# Principles for deciding which movies to see



## psaulm119 (Jan 22, 2005)

Pardon me for starting another flame war.... ahem...discussion about movies and the Christian life. I didn't _quite_ find what I was looking for in previous threads (although I found a lot of food for thought) and so I'm taking the oppportunity to start this one. 

My wife and I have recently had our first child and we are starting to question our movie-watching habits. We don't have cable TV, but we do rent DVDs and go see movies (esp. if they are on a big-screen cinema). 

OK. We are wondering what movies we should be cutting out. Neither of us wants to tell her that she should do as we say, but not as we do. Which leads me to one principle that I think makes sense--_we will not watch any DVDs that we would want to keep her from, as well._ Personally, I would not have a problem with a young child watching The Passion, especially since it would be sandwiched around comments about what the violence in that movie brought about.
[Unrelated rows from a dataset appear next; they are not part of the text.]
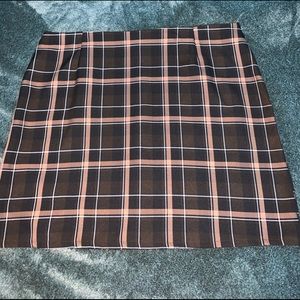 dark brown and caramel plaid skirt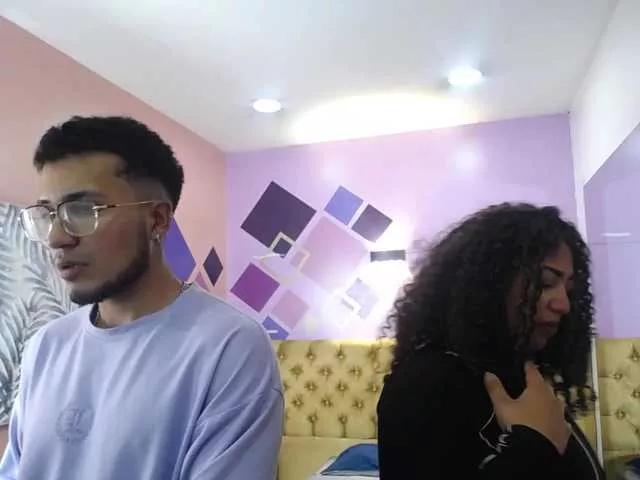 Noa-N-Carolain on BongaCams 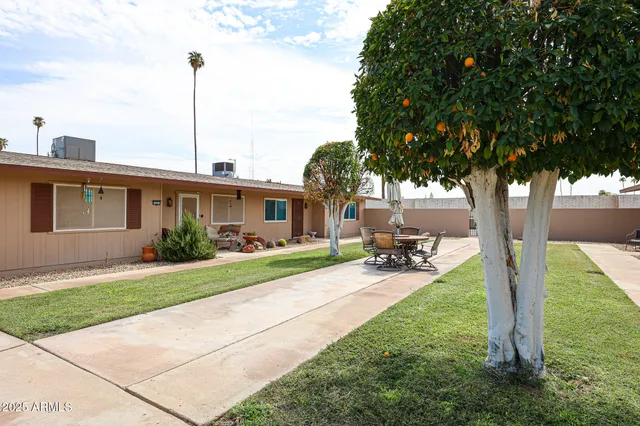 $195,000 | 10855 West Santa Fe Drive, Sun City, AZ 85351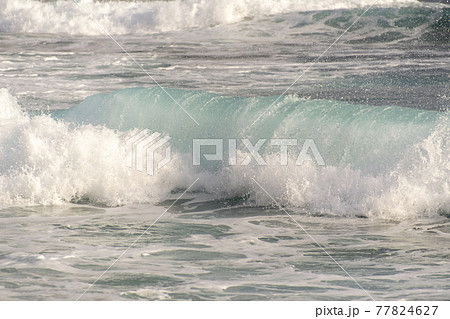 奄美大島の手広海岸の波 77824627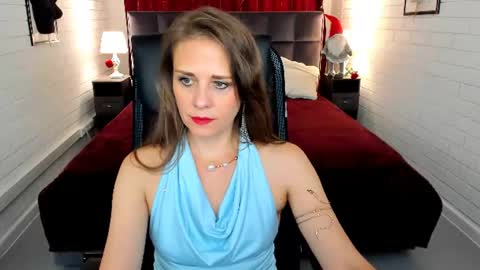 Snapshot of emiliabedy chatting on July 1, 9:22 am Emilia Bedy online show from July 1, 9:22 am
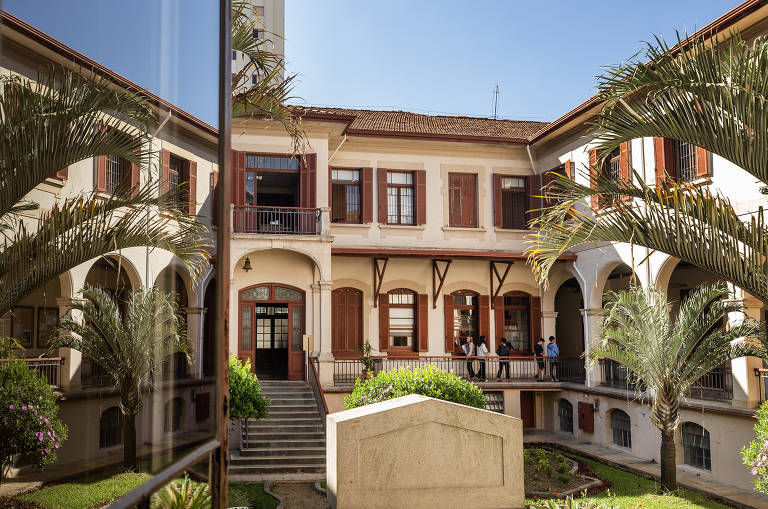 Escolas podem funcionar como refúgios do calor para alunos e comunidades locais, em projeto baseado nos oásis escolares de Paris; a ideia é adaptar pátios e aumentar arborização e uso de materiais permeáveis no solo, para reter água da chuva e, assim, mitigar o impacto de ilhas urbanas de calor SÃO PAULO, SP, 16.05.2023, Pátio interno do colégio Liceu Pasteur, na Vila Mariana; Primeira escola franco-brasileira faz 100 anos (Foto: Eduardo Knapp/Folhapress)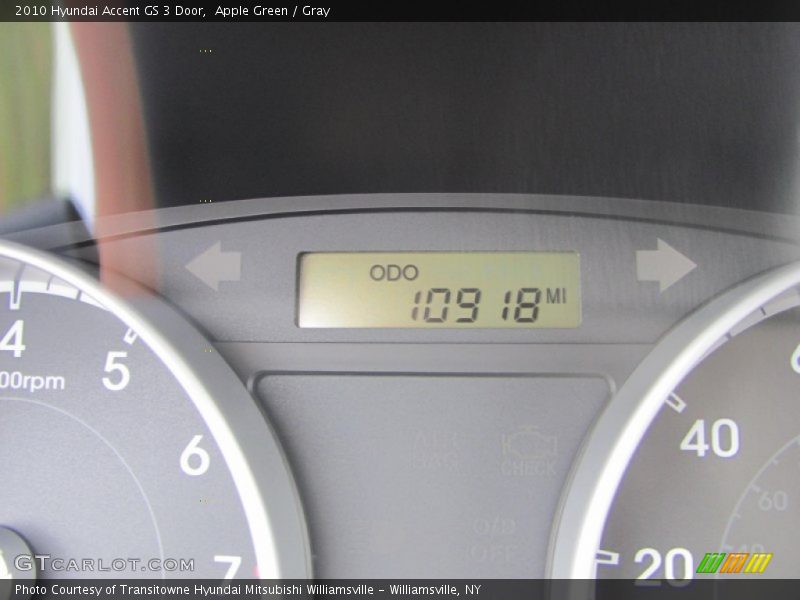 Apple Green / Gray 2010 Hyundai Accent GS 3 Door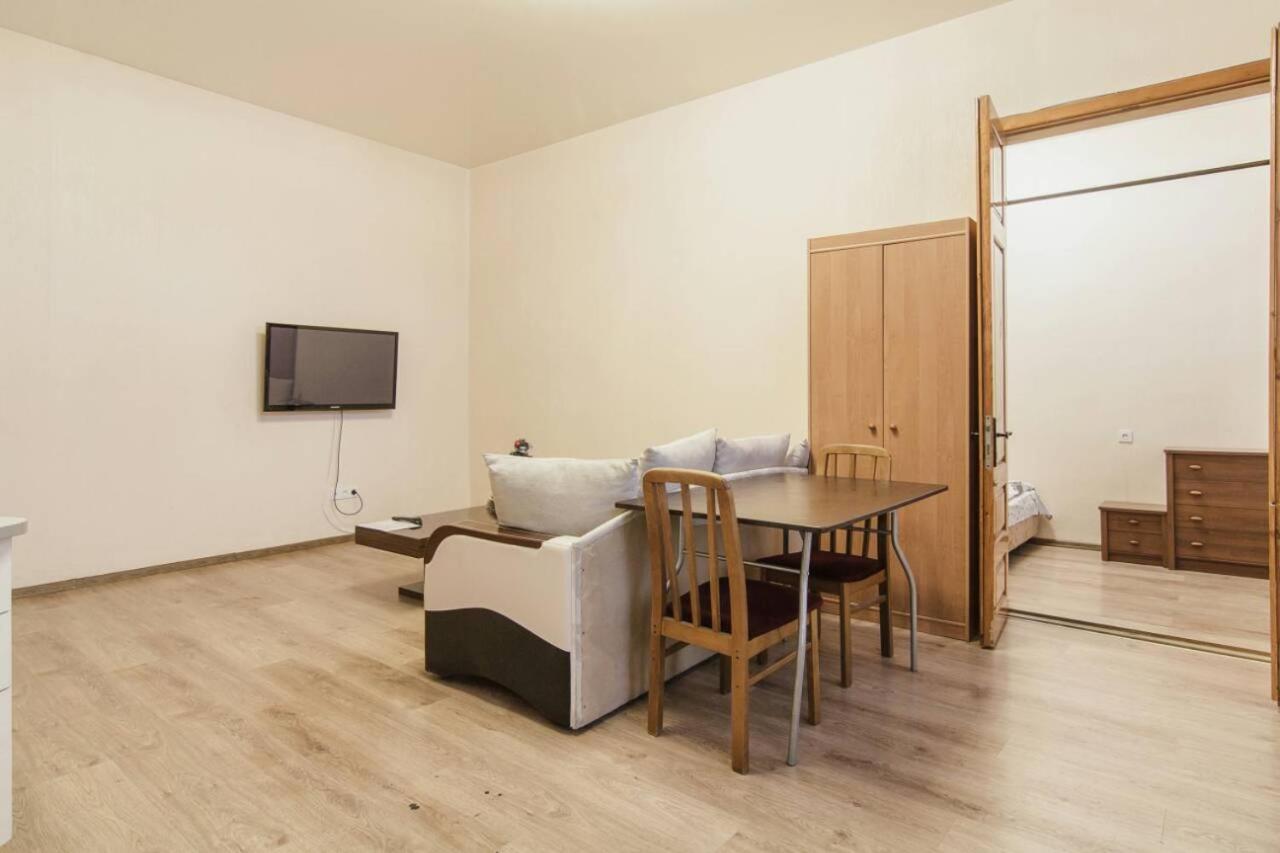 Deribas Apartments Odessa Esterno foto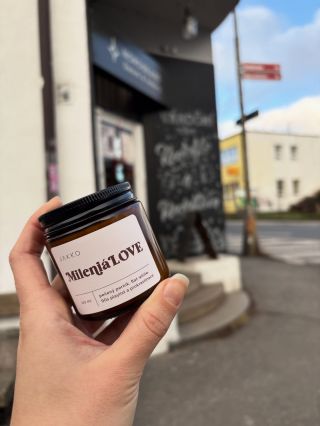 🎄 Liberečáci, kdybyste potřebovali zachránit, tak v @nordbeans_sweet je pár svíčkokousků k mání. A nejen to, sama pro sebe...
I'd rather see the Passion of Our Lord than Disney's Pocohantas, believe it or not.

I'm not necessarily asking for a debate as to how many movies might be appropriate for a Christian. Some very well might say 2 or 3 a year, others might say quite a few more. But what _principles_ do you folks use when determining whether to see a movie or not? 

I agree that our chief end is to glorify God, and that it is shameful even to discuss what the heathen do in secret (Eph 5:12) But does this mean that we cannot view a movie unless its purpose is to do this? I'm not necessarily saying yea or nay here, but this does seem a bit extreme. Extreme or not--is this a biblical approach? If Paul was OK with someone who ate meat offered up to Ares (as long as it did not lead a weaker brother astray), does this mean that its ok with our watching a classic Bogart mystery thriller (which I'm hoping I won't have to give up), even if it has some smoking and drinking in it, provided that nobody in our family actually smokes and drinks? 

.01 for your thoughts.


----------



## ReformedWretch (Jan 22, 2005)

The Passion is not a movie I would see let alone allow my child to see. in my opinion it's completely Romanized to the point of being of no benefit. Let alone the entire 2nd commandment issue.



> If Paul was OK with someone who ate meat offered up to Ares (as long as it did not lead a weaker brother astray), does this mean that its ok with our watching a classic Bogart mystery thriller



I personally do not think these two things relate. While this is an issue I am also currently struggeling with have you considered this;

Phil 4:8Finally, brethren, whatsoever things are true, whatsoever things are honest, whatsoever things are just, whatsoever things are pure, whatsoever things are lovely, whatsoever things are of good report; if there be any virtue, and if there be any praise, think on these things.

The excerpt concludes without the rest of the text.